Problemas técnicos dos equipamento, atrasos na disponibilização dos fundos aos clientes, bem como uma maior consciencialização dos consumidores estão na base das queixas, admite o BNA. As reclamações contra os bancos públicos (BPC e BCI) dispararam 308% no período em análise.

O número de reclamações de clientes de instituições bancárias subiu 5% para 10.169 no I semestre de 2019 face ao período homólogo, equivalente a uma média de 1.695 reclamações por mês, de acordo com cálculos do Expansão com base no Relatório de Estabilidade Financeira do I semestre de 2019, divulgado esta semana pelo BNA, quase um ano após aquele período.

Segundo o relatório do banco central, a utilização de multicaixas e de Terminais de Pagamento Automático (TPA) dominam a lista das reclamações. A juntar aos problemas com cartões de pagamento, contas de depósitos, transferências, internet banking e operações com o estrangeiro, estão representadas 88,22% (8.971) do total de reclamações.

"O elevado número de reclamações respeitantes a caixas automáticas e terminais de pagamento automático poderá estar associado à deterioração técnica de alguns destes instrumentos de pagamento. Quanto às que incidem sobre operações de transferência interbancária e venda de moeda estrangeira, resultam essencialmente de atrasos na disponibilização dos fundos aos beneficiários, bem como uma maior consciencialização dos consumidores de produtos e serviços financeiros, relativamente aos seus direitos e deveres", refere o relatório.

Mais de metade das reclamações, 5.631, foram relativas a bancos nacionais (55%), seguida de 3.136 contra bancos públicos (31%) e 1.402 contra bancos estrangeiros (14%). No período em análise, as reclamações contra bancos públicos dispararam 308%, passando das 768 reclamações no I semestre de 2018 para 3.136 entre Janeiro e Junho de 2019.

O BNA recebe as reclamações dos clientes bancários por duas vias.
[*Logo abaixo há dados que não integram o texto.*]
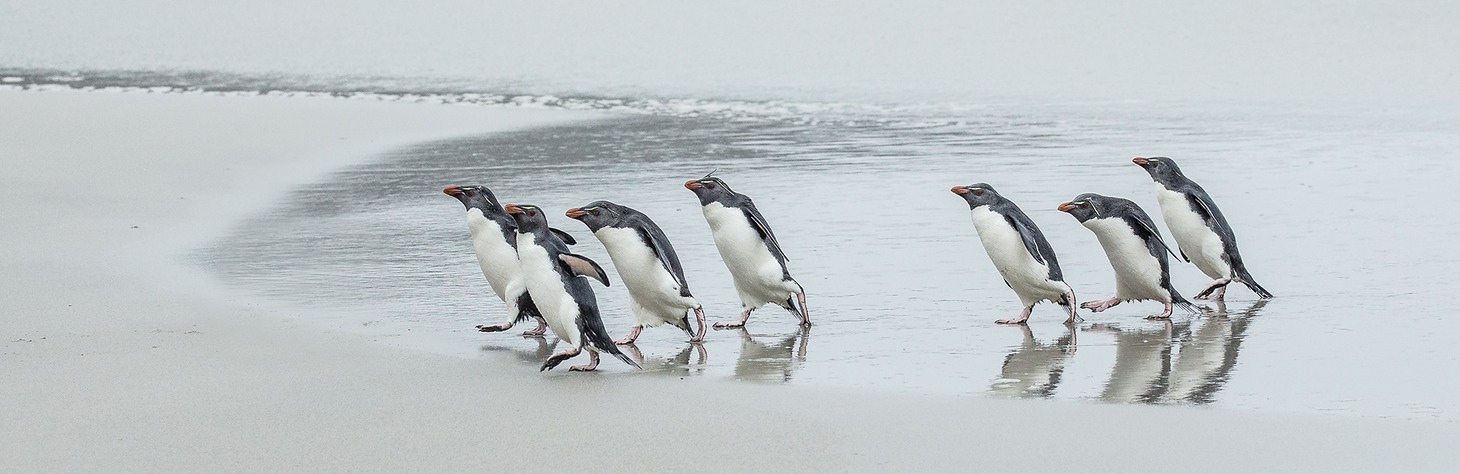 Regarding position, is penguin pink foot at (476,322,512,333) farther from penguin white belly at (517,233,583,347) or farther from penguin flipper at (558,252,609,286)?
penguin flipper at (558,252,609,286)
Através do envio pelas próprias instituições bancárias para o serviço de monitorização e controlo, previsto na Directiva conjunta n.º 01/DRO/DSC/2016, de 18 de Abril, que estabelece a obrigatoriedade de reporte das reclamações recepcionadas nas agências, com uma periodicidade trimestral. Ou por queixa directa dos clientes nos serviços do banco central. (...)

(Leia o artigo integral na edição 575 do Expansão, de sexta-feira, dia 22 de Maio de 2020, em papel ou versão digital com pagamento em Kwanzas. Saiba mais aqui)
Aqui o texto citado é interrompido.